Le plein d'humour...
Les Bottin aux sports d'hiver
Jean-Marc Aubry
"Le dernier Aubry"
Une semaine de vacances aux sports d'hiver ? Les vacances, oui. Mais le sport ? Et l'hiver ?
245 pages
14,00 €
ISBN : 2 911 755 96 0
Réf : PCFAMBO
Les sports d'hiver, c'est l'enfer !
Une adolescente, des moutards, une épouse qui n'a peur de rien, un moniteur, quelques malamutes et une fromagerie qui pue... Jean-Marc Aubry aime les caractères trempés, (surtout lorsqu'il pleut), les situations exposées (surtout sur les télésièges) et nous faire pleurer de rire sur notre difficile condition d'humain (surtout les maris) aux prises avec la vie quotidienne. " Une semaine de vacances aux sports d'hiver ? Les vacances, oui. Mais le sport ? Et l'hiver ?...
Extrait :
Seize heures : " Fromagerie des Vallées ". Il était temps, tout le monde nous attendait de pied ferme. Mais comme il était seize heures pile, personne ne se permit la moindre réflexion, pas même Thérèse qui l'aurait tant souhaité, et au grand dam de Catherine qui n'attendait que cela pour lui sauter à la gorge. Carole, l'accompagnatrice de l'agence avait l'air de s'ennuyer ferme, malgré le sourire d'accueil. Il faut dire qu'à mille deux cent quatre- vingt-quinze visites annuelles de la fromagerie, cela doit vous ôter l'envie d'éclater de rire.

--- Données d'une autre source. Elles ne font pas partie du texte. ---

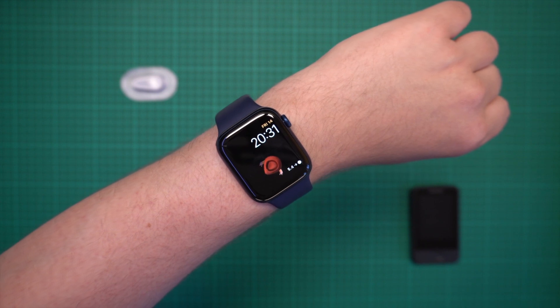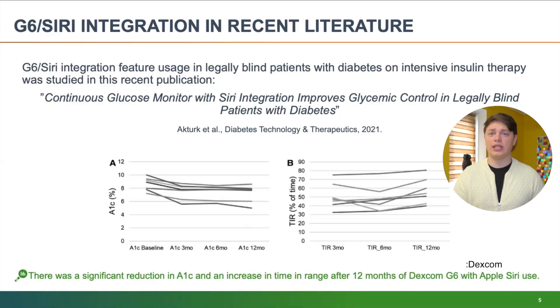Another thing from this year's ATTD is the Siri integration with the G6. Dexcom highlighted how truly life-changing this feature is for legally blind people with diabetes. Having a disability should not stop anyone from using diabetes technology, and I really hope that more companies will integrate things like Siri, VoiceOver, and other accessibility features into their platforms — because this is work that should have been done years ago. Dexcom also mentioned that Hey Siri integration for G6 is coming to international markets soon.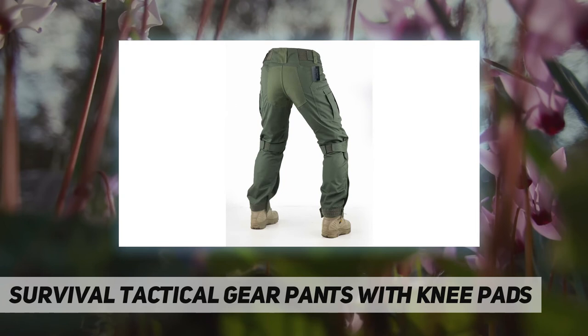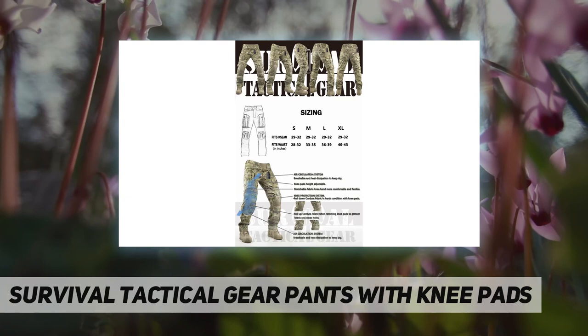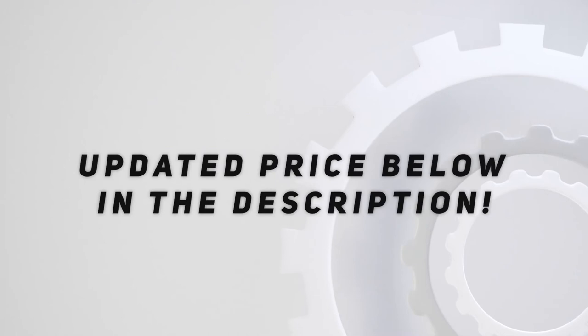A rugged metal YKK zipper is used for the fly. Durable, heavy-duty, and breathable ripstop fabric with 14 different sizes. Gear pockets provide enough storage. A simple Velcro strap system built into the waist allows for size adjustments. Knee protection system and air circulation system — knee pads are included. Check out the video description for the updated price.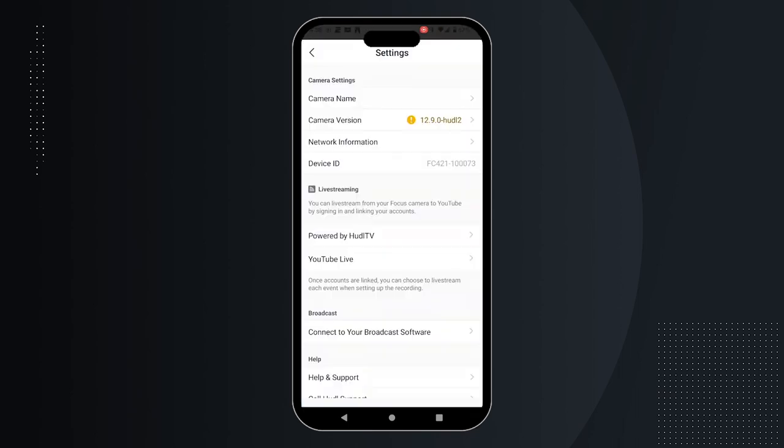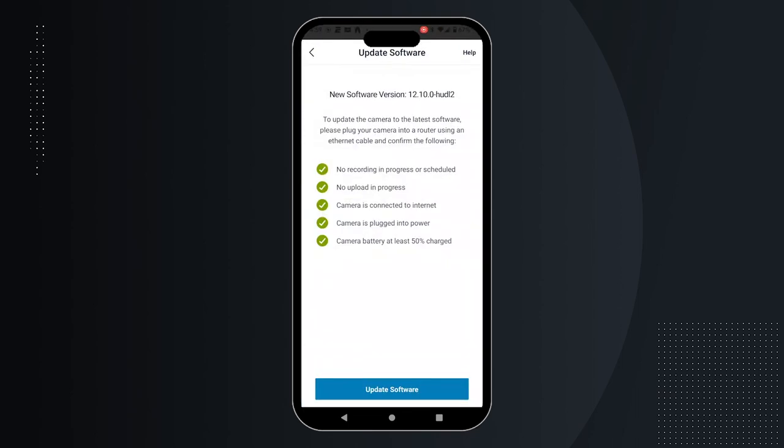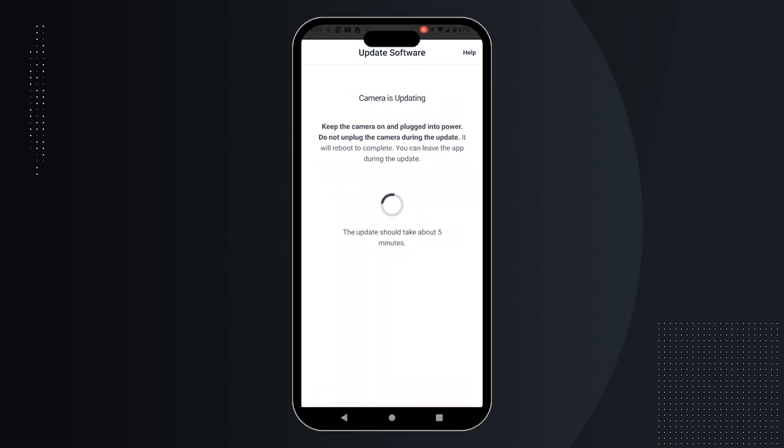Click the gear icon in the top right corner of the Focus app to see the camera version. If an update is available, click the camera version, then click Update Software.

Nous allons donc pénétrer dans le sanctuaire de la vallée, la fromagerie, second apport financier après le tourisme d'hiver. Nous allions, si j'avais tout compris, visiter ce qui, commercialement parlant, nous arrivait juste après. La visite au petit frère en quelque sorte, au second de la classe. La fromagerie possédait une salle d'exposition avec photos anciennes et actuelles, matériel ancestral, écrans tactiles et posters didactiques. En mezzanine. Dessous, protégés de nos miasmes et microbes par une large baie vitrée, s'étalaient les cuves, tuyaux et fromages sous presse, s'activaient des techniciens en blouse bleue et bottes stériles. Une ruche. Mais une ruche qui pue ! L'odeur, indescriptible. Dès l'entrée dans la salle d'expo, un silence ! Juste perturbé par des tout petits " beurk ", " Oh là là ", " Pfff ! " ou " Putain l'odeur ! "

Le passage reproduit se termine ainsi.